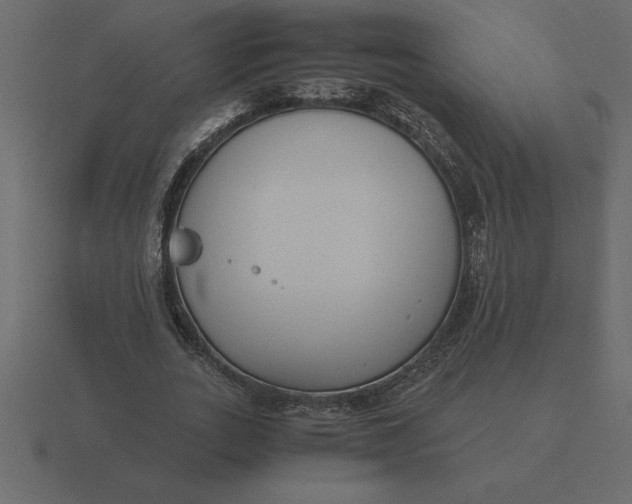 X0000116620727200912241752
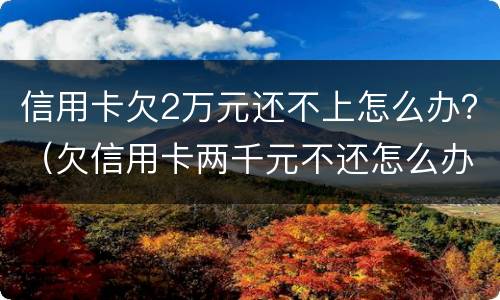 信用卡欠2万元还不上怎么办？（欠信用卡两千元不还怎么办）
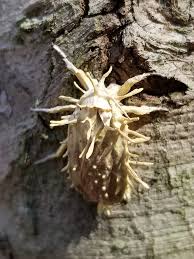 Attēlu rezultāti vaicājumam “Akanthomyces aculeatus”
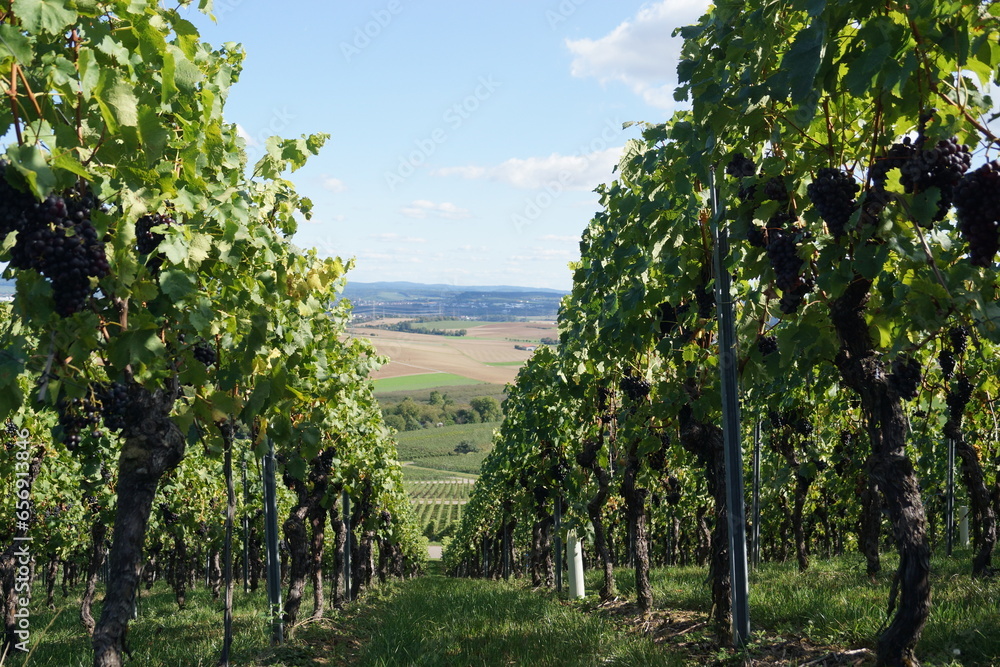 Fototapeta premium Weinberge und Weintrauben für Rot und Weisweine vor der Weinlese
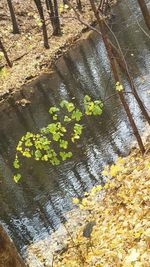 Reflection of trees in water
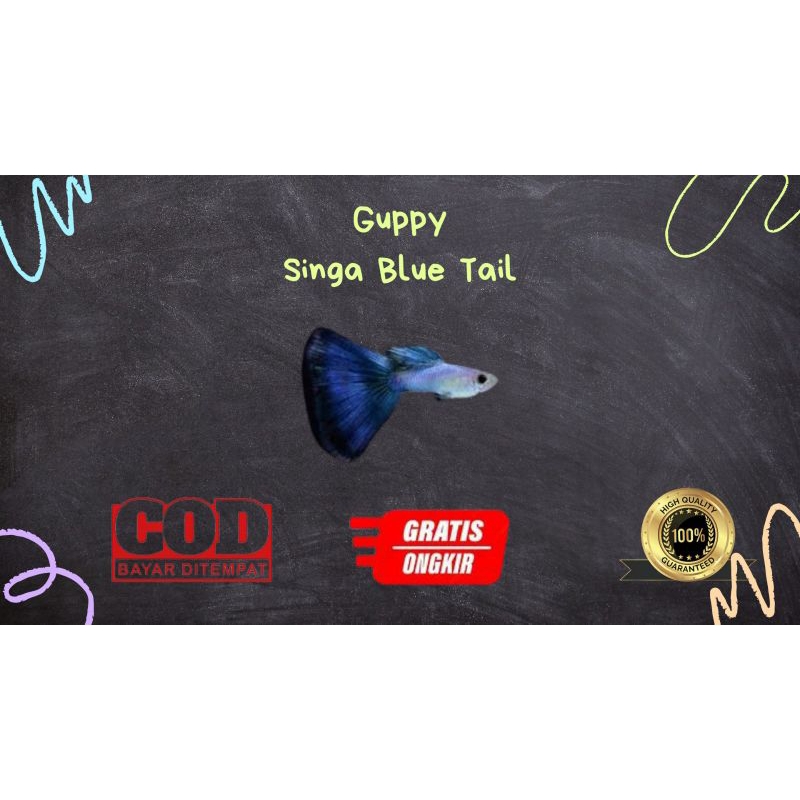 

Packing kardus / styrofoam guppy singa blue tail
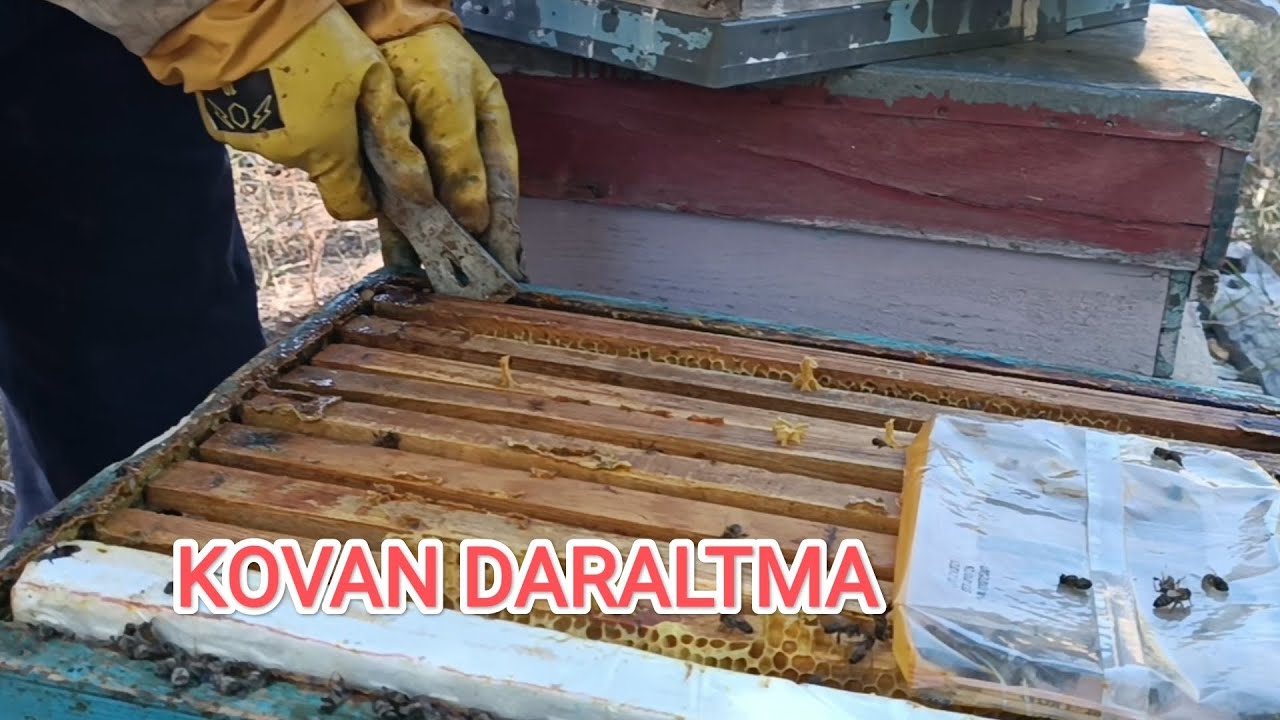 Kovan İçerisindeki Boş Çıtaları Çıkararak Daraltma. Kovanları Kapamadan Önceki Son Kontroller.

Task to carry out: For this exercise, reproduce the data above exactly from the line containing "Fototapeta premium Weinberge" through its final line, both ends included, with no pictures in the copy.

Exercise answer:
 Fototapeta premium Weinberge und Weintrauben für Rot und Weisweine vor der Weinlese
 Reflection of trees in water

Packing kardus / styrofoam guppy singa blue tail
 Kovan İçerisindeki Boş Çıtaları Çıkararak Daraltma. Kovanları Kapamadan Önceki Son Kontroller.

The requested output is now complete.